- The Washington Times - Tuesday, July 29, 2008

CANADA

Report faults nuke regulator

OTTAWA | Widespread sloppiness at both Canada’s nuclear regulator and government-owned Atomic Energy Canada Ltd. prompted the damaging closure of a reactor that made medical radioisotopes, a report said Monday.

AECL’s 50-year-old Chalk River reactor - which produces more than two-thirds of the global supply - was shut down for three weeks late last year, quickly triggering shortages.

AECL’s chairman quit in December, and in January, Ottawa fired the head of the Canadian Nuclear Safety Commission.

A damning 119-page report by three independent consultants said officials from AECL and the commission often ignored standard procedures that would have identified the problem earlier.

The isotopes, when injected into the body, give off radiation that can be seen by a camera to diagnose cancer, heart disease and other medical conditions.

The crisis started after the reactor was shut down for maintenance last November. The CNSC then discovered that contrary to repeated promises, AECL had not connected two crucial water pumps to an emergency power supply.

The CNSC refused to allow the reactor to be started up again, forcing Parliament to overrule the regulator.

HAITI

29 die as truck hits 3 pickups

PORT-AU-PRINCE | U.N. peacekeepers say at least 29 people were killed when a large truck carrying people and merchandise collided with three pickups in southern Haiti.

More than 50 people, mostly women and children, have been treated for injuries from Saturday’s crash east of the town of Cavaillon.

U.N. spokesman Vincenzo Pugliese said Sunday that the truck was unable to stop when a pickup truck slowed suddenly. It plowed into two vehicles, swerved into an oncoming third and flipped over.

Peacekeepers treated and evacuated many of the injured. Five were taken by U.N. helicopters to a Port-au-Prince hospital.

COLOMBIA

Woman suspected of FARC link freed

MADRID | A Spanish judge on Sunday released on bail a 57-year-old Spanish woman who is suspected of being the leader of the Spanish cell of Colombian Marxist rebel group FARC, judicial sources said.

Maria Remedios Garcia Albert, who is suspected of collaborating or belonging to Revolutionary Armed Forces of Colombia, or FARC, was arrested at her home in the town of San Lorenzo de El Escorial, northeast of Madrid, police said Saturday.

The Interior Ministry said Ms. Garcia Albert had provided logistical support for FARC and had direct contacts with Raul Reyes, the FARC Number Two who was killed by Colombian troops inside Ecuador earlier this year.

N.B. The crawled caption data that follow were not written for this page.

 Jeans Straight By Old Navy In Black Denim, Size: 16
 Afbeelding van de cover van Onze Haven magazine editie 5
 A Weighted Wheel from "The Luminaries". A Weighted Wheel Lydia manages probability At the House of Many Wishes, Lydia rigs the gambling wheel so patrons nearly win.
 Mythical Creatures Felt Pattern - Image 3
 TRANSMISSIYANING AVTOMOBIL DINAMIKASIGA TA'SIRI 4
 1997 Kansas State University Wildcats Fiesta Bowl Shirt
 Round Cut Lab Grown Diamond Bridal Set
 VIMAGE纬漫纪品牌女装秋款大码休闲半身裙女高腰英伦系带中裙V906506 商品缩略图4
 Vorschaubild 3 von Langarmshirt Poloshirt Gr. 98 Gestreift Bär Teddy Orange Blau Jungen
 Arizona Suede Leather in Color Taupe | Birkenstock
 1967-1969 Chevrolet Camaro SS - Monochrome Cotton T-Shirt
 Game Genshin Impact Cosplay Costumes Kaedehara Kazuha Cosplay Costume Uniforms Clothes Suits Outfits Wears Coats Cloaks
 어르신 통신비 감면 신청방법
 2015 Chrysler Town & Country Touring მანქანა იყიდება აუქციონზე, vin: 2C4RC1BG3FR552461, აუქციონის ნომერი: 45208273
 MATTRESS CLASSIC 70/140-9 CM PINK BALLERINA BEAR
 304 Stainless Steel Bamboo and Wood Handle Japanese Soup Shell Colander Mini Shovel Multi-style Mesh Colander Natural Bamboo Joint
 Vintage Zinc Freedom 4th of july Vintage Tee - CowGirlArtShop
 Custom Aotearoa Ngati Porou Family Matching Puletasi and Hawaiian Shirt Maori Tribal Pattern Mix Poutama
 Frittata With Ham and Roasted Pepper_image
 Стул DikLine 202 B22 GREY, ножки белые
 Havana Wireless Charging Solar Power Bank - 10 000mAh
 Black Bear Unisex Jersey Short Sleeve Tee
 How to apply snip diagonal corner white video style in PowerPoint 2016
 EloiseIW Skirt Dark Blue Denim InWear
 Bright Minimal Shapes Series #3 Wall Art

Analysis of Mr. Reyes’ computer passed on to Spanish investigators by Colombian authorities had led them to identify Ms. Garcia Albert. The ministry said she had traveled to secret camps in Colombia last year for “meetings with top leaders of the terrorist group.”

The FARC, Latin America’s oldest and largest insurgency, have been seeking to topple the government since the 1960s. Despite the recent rescue of French-Colombian politician Ingrid Betancourt and several others, they are estimated to hold more than 700 hostages.

MEXICO

Dozens of turtles dead on beaches

ACAPULCO | Environmental officials in Mexico say dozens of dead sea turtles apparently killed in fishing nets have washed up on beaches in recent days.

Authorities say 59 Olive Ridley turtles have been found on beaches in and around the resort of Acapulco.

The sea turtles, once hunted in Mexico for their meat and eggs, were declared a protected species in 1990. Fishermen are required to include turtle escape devices in their nets.

NICARAGUA

Poet’s sword stolen from museum

MANAGUA | The pen may be mightier than the sword, but it isn’t quite as attractive for thieves.

Unidentified robbers have swiped a sword that belonged to Nicaraguan poet Ruben Dario from a museum while leaving some of his valuable original manuscripts untouched.

Museum secretary Maria Elena Quintero said Sunday that police are investigating the disappearance of the ceremonial sword Mr. Dario used when he served as Nicaragua’s ambassador to Spain. She did not give an estimate of the sword’s value.

It was taken from a glass case at the museum in Mr. Dario’s old home in the colonial city of Leon. It appears to be the only artifact missing.

Mr. Dario lived from 1867 to 1916 and is considered the father of the Modernismo movement.